Believe it or not, this is the type of problem that twoXAR’s software architect Carl worked on at NASA. To study extraterrestrial objects, NASA scientists record their electromagnetic emissions using instruments such as radio telescopes. As these objects are really frickin’ far away, radio signals they emit are extremely weak and noisy. However, what this data lacks in clarity, it makes up for in abundance.  The concept goes like this: if a signal is even slightly more consistent than random noise, over lots and lots (and lots) of measurements, its pattern will manifest. All you need then is some clever algorithms to detect it. Fortunately, Carl’s and his ilk are some pretty clever folks.

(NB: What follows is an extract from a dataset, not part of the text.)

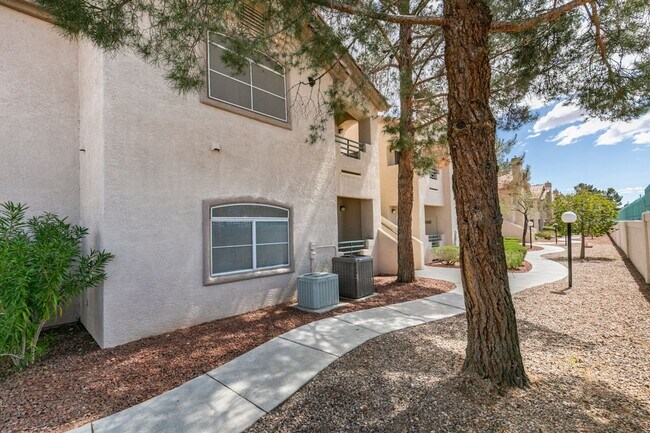 Building Photo - CUTE AND COZY 1 BEDROOM UNIT WITH TONS OF UPGRADES*COMMUNITY AMENITIES*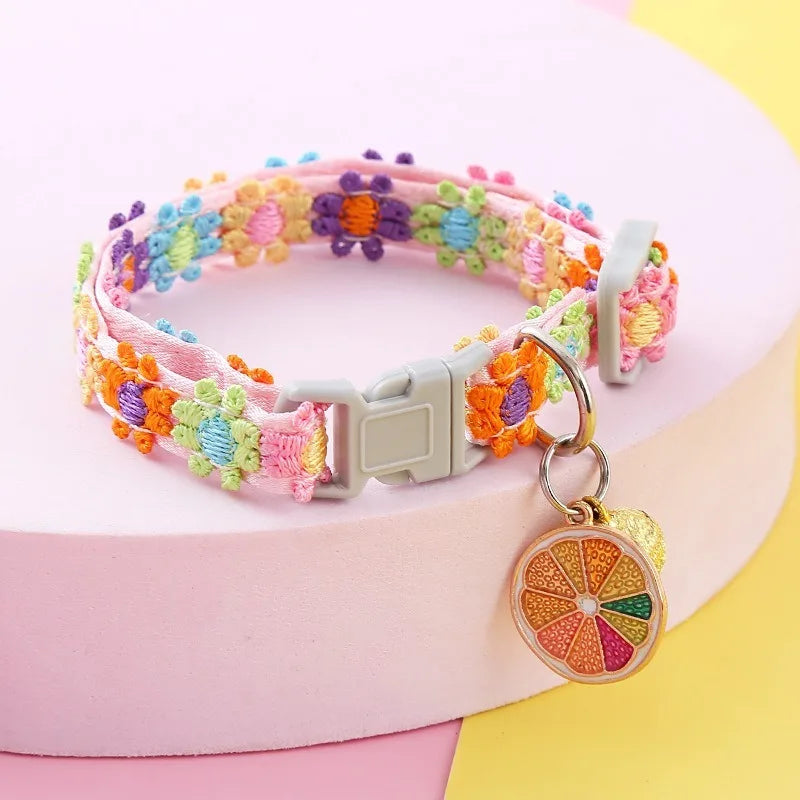 High cost-effective colored linen pet collar with bell and flower decorations for cats and dogs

When seven leading geneticists were interviewed about how to solve the missing heritability problem, one common theme that emerged was the need for more data, and more different types of it. Here at twoXAR, we’ve taken that concept to heart by querying multiple measurements, databases and tissue types in our search for protein networks linked to disease, and hiring folks like Carl to help build effective telescopes.